[[ Study material, beginning ]]

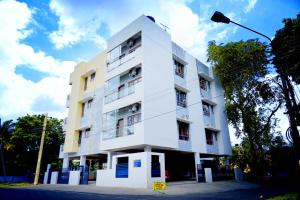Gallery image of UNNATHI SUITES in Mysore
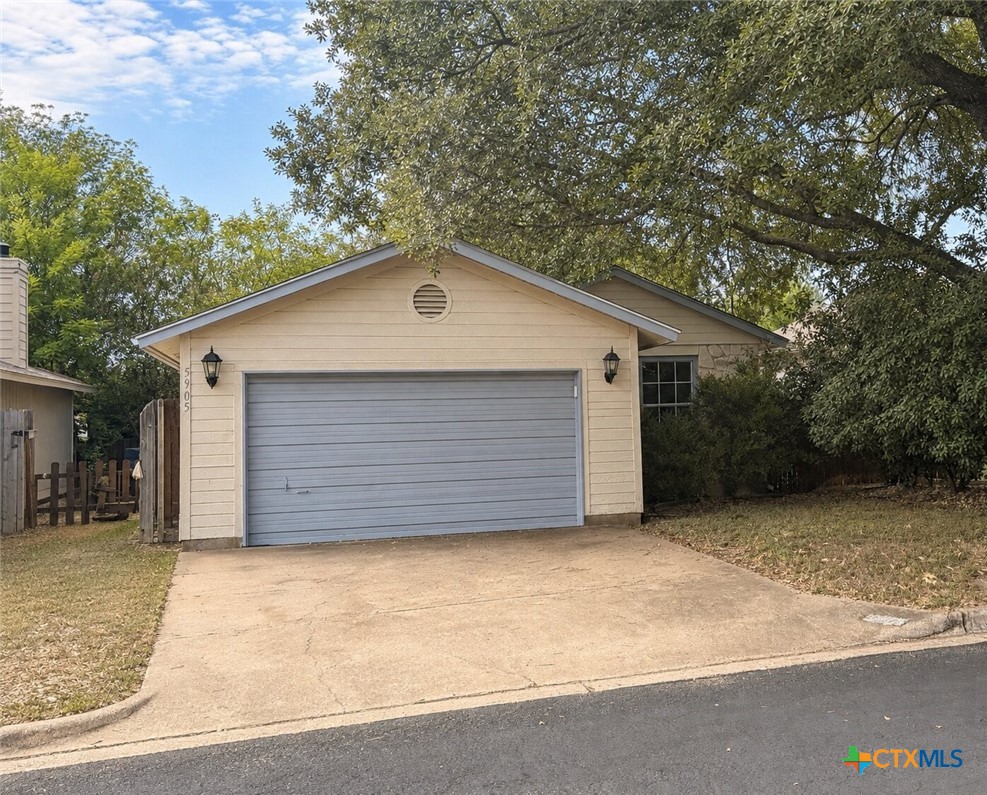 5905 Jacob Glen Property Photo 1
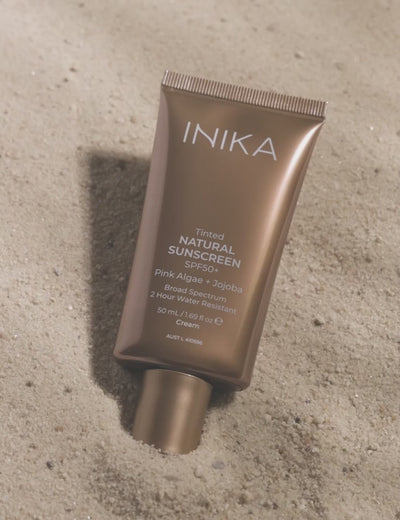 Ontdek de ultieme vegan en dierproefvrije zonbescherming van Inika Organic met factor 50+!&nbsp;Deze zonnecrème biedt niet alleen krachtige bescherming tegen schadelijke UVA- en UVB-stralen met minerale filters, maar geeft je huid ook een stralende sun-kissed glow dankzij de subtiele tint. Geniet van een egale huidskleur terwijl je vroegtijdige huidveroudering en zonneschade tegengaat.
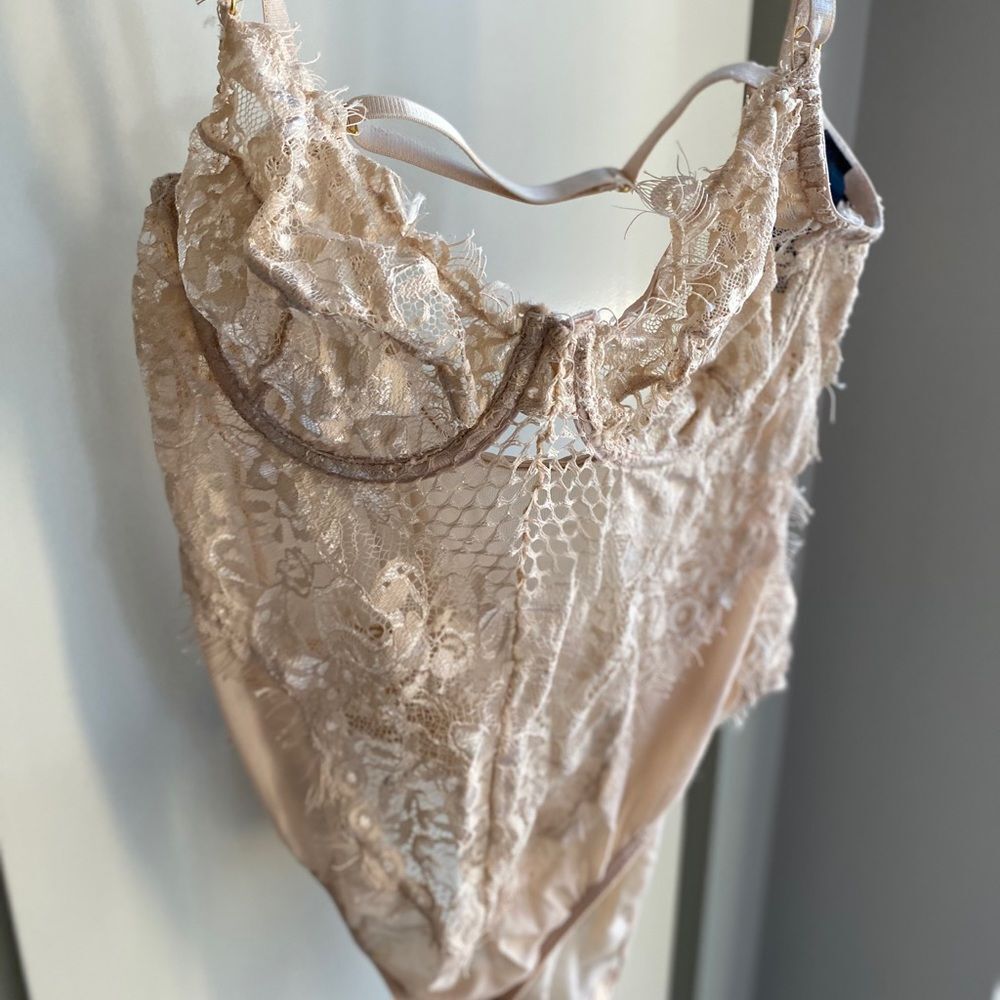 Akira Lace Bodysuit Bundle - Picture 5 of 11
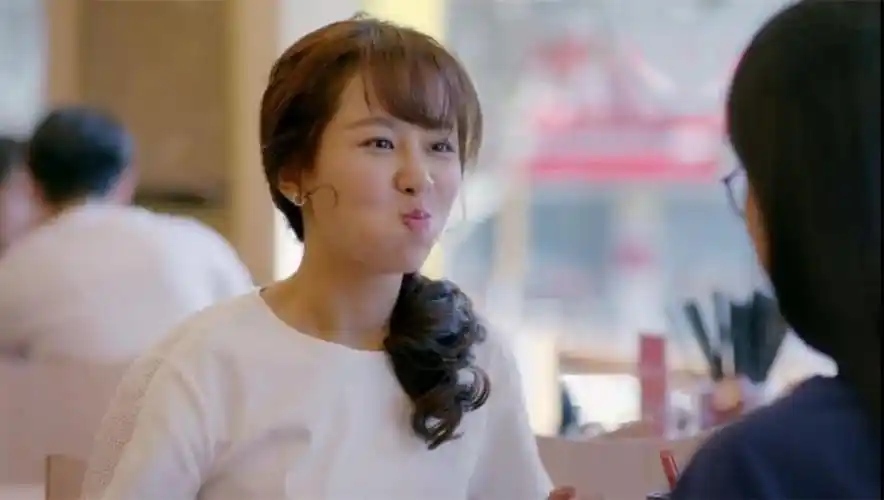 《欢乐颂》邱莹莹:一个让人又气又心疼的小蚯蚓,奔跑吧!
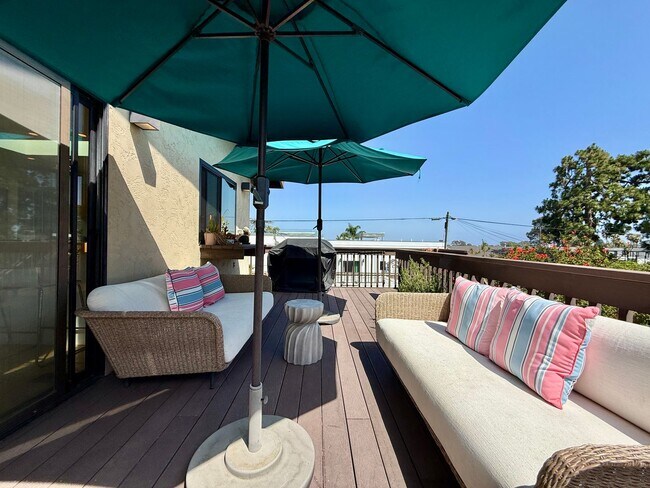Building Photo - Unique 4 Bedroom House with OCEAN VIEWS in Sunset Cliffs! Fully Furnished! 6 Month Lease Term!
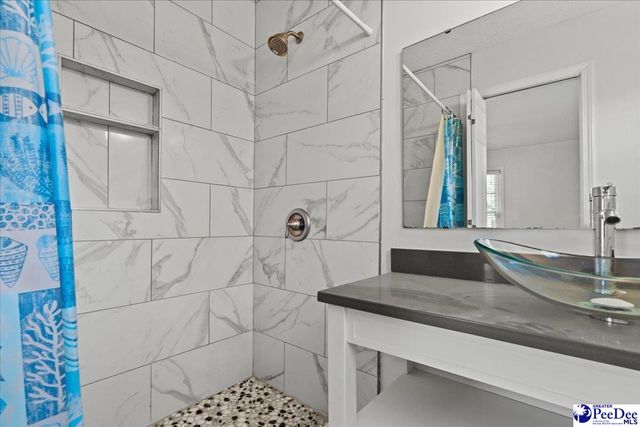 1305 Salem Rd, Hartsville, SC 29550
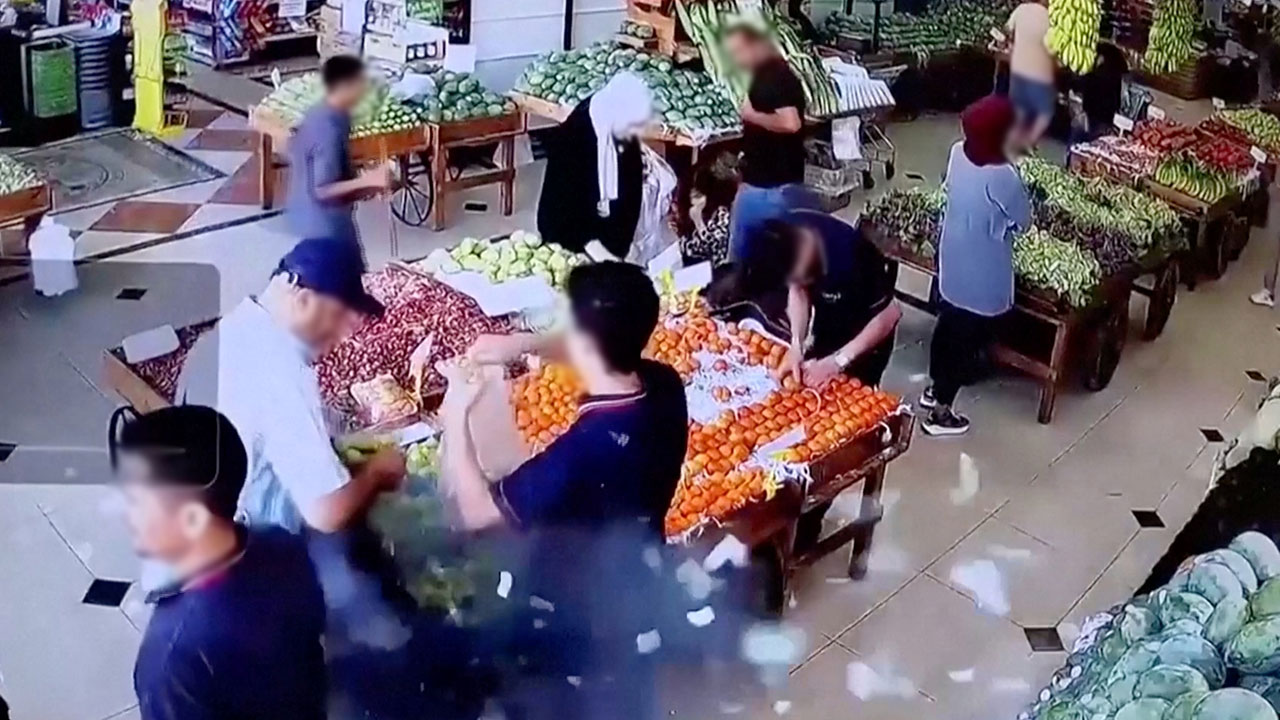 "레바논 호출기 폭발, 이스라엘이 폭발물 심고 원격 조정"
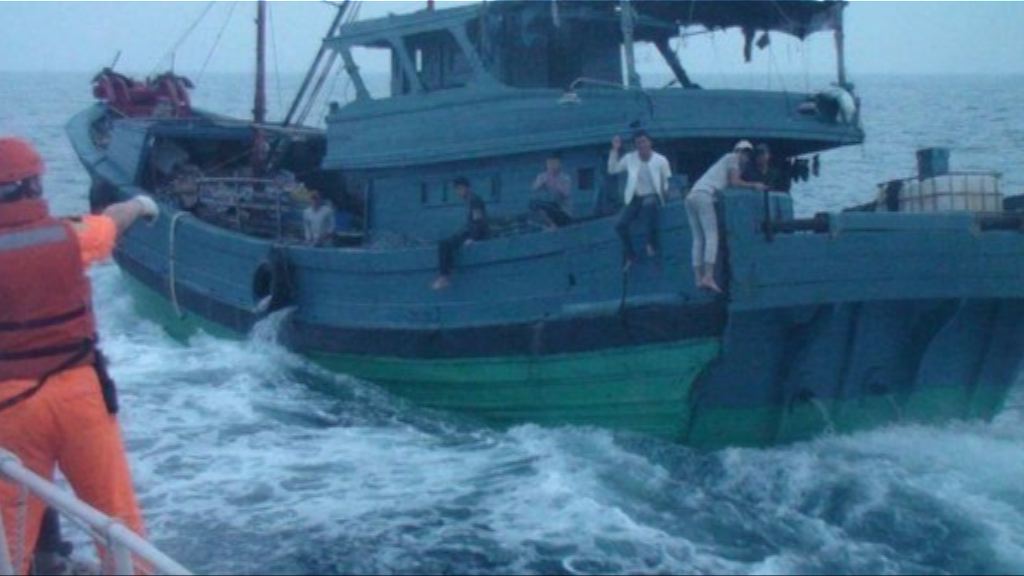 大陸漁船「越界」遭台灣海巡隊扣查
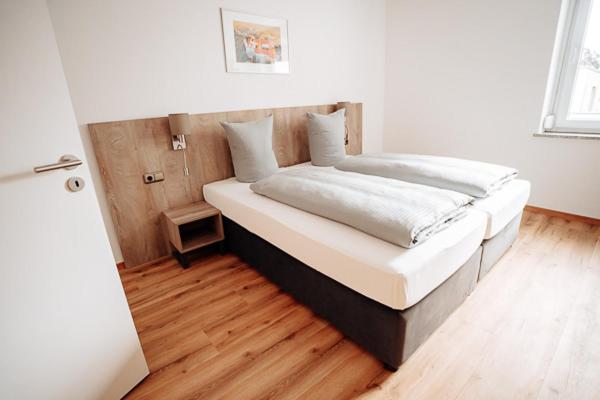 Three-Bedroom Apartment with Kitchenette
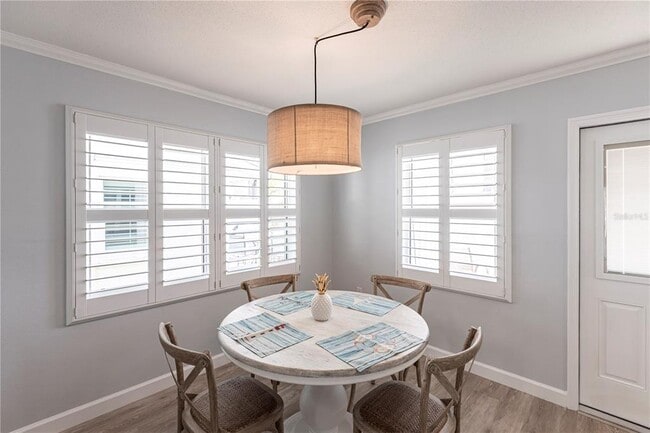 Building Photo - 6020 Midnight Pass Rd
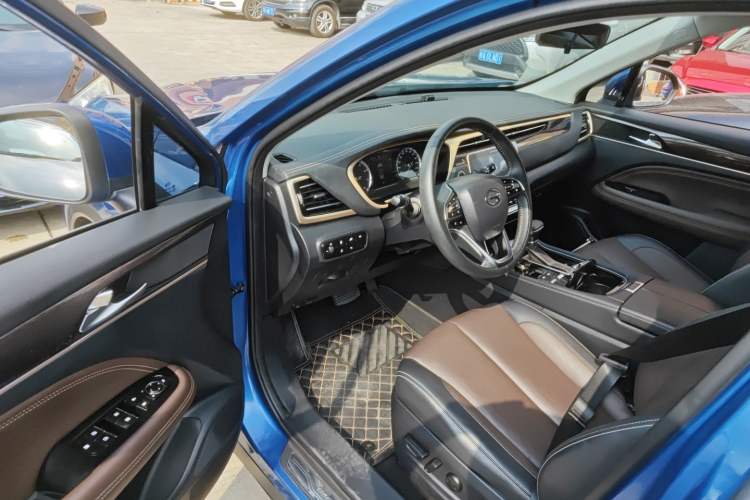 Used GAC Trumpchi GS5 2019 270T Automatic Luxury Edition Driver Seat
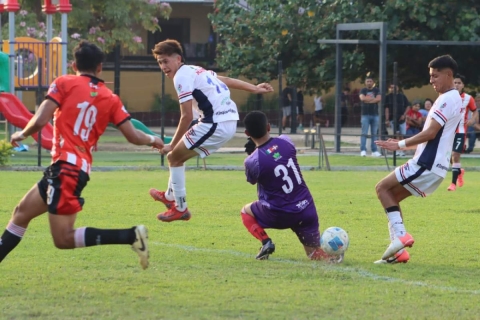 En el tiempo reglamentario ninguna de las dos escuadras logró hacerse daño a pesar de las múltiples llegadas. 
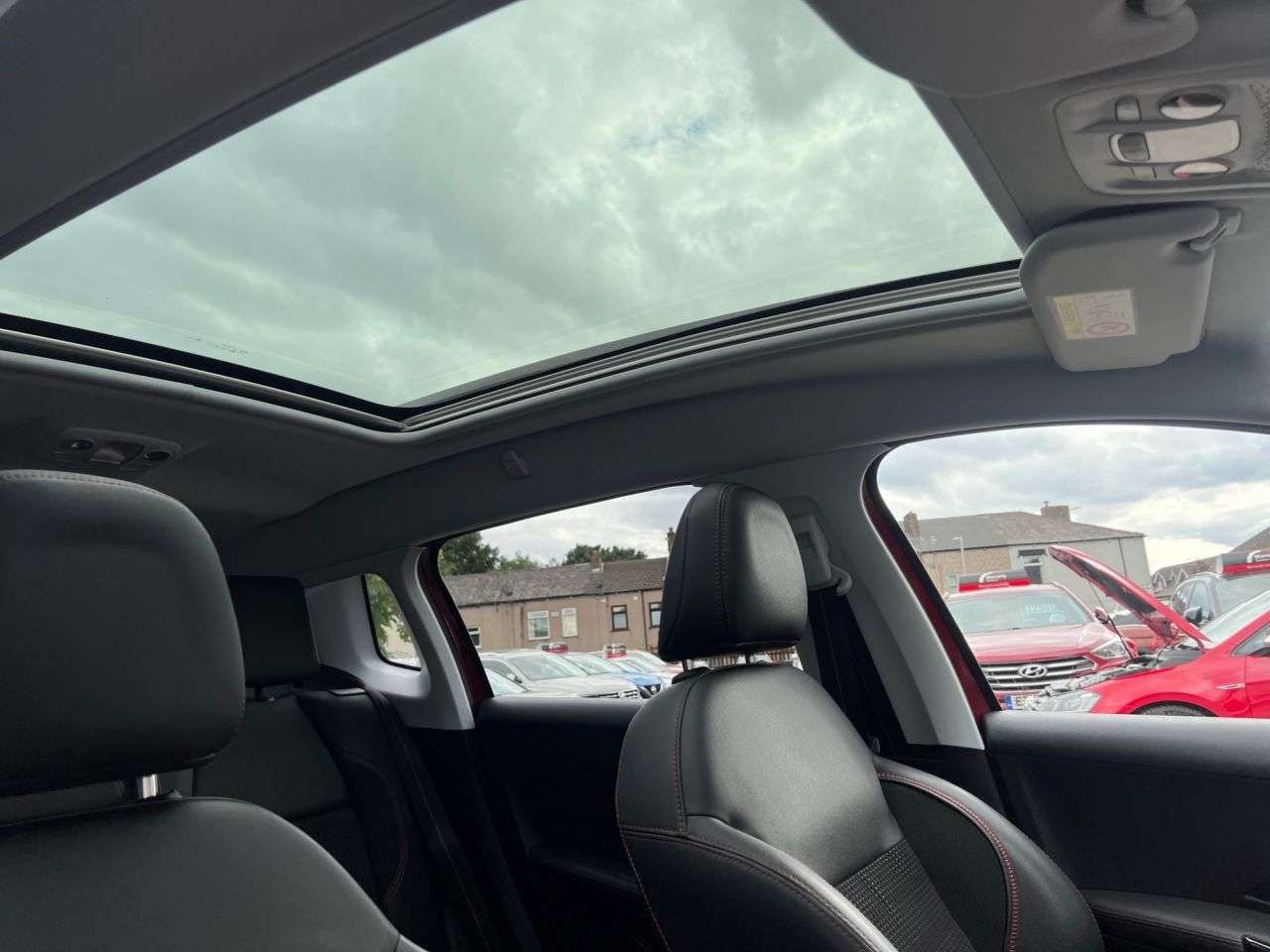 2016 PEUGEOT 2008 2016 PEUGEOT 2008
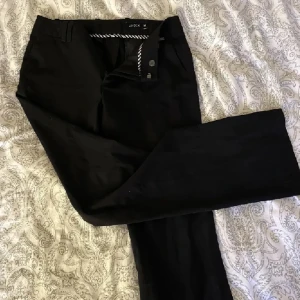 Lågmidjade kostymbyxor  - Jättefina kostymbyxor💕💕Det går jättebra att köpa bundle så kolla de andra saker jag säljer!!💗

[[ Study material, end ]]

The complete set of records should be written out again, pictures excluded.

Gallery image of UNNATHI SUITES in Mysore
 5905 Jacob Glen Property Photo 1
 Ontdek de ultieme vegan en dierproefvrije zonbescherming van Inika Organic met factor 50+!&nbsp;Deze zonnecrème biedt niet alleen krachtige bescherming tegen schadelijke UVA- en UVB-stralen met minerale filters, maar geeft je huid ook een stralende sun-kissed glow dankzij de subtiele tint. Geniet van een egale huidskleur terwijl je vroegtijdige huidveroudering en zonneschade tegengaat.
 Akira Lace Bodysuit Bundle - Picture 5 of 11
 《欢乐颂》邱莹莹:一个让人又气又心疼的小蚯蚓,奔跑吧!
Building Photo - Unique 4 Bedroom House with OCEAN VIEWS in Sunset Cliffs! Fully Furnished! 6 Month Lease Term!
 1305 Salem Rd, Hartsville, SC 29550
 "레바논 호출기 폭발, 이스라엘이 폭발물 심고 원격 조정"
 大陸漁船「越界」遭台灣海巡隊扣查
 Three-Bedroom Apartment with Kitchenette
 Building Photo - 6020 Midnight Pass Rd
 Used GAC Trumpchi GS5 2019 270T Automatic Luxury Edition Driver Seat
 En el tiempo reglamentario ninguna de las dos escuadras logró hacerse daño a pesar de las múltiples llegadas. 
 2016 PEUGEOT 2008 2016 PEUGEOT 2008
 Lågmidjade kostymbyxor  - Jättefina kostymbyxor💕💕Det går jättebra att köpa bundle så kolla de andra saker jag säljer!!💗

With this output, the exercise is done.